- TASK OBJECTIVE -
Every line of the entries that holds the word "travel" is to be copied.

- SUPPLIED RECORDS -
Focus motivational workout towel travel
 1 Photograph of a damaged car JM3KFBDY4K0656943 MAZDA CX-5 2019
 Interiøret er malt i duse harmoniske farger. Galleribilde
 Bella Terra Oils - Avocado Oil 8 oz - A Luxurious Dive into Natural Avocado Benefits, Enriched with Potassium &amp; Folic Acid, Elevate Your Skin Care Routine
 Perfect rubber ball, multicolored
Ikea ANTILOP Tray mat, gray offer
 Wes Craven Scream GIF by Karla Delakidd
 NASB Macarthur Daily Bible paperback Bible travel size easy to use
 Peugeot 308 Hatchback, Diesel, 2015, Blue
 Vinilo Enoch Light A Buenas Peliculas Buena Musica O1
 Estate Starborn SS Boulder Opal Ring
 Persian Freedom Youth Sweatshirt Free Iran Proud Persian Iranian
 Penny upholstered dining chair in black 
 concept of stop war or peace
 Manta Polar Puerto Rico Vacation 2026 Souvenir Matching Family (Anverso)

- YOUR SOLUTION -
Focus motivational workout towel travel
 NASB Macarthur Daily Bible paperback Bible travel size easy to use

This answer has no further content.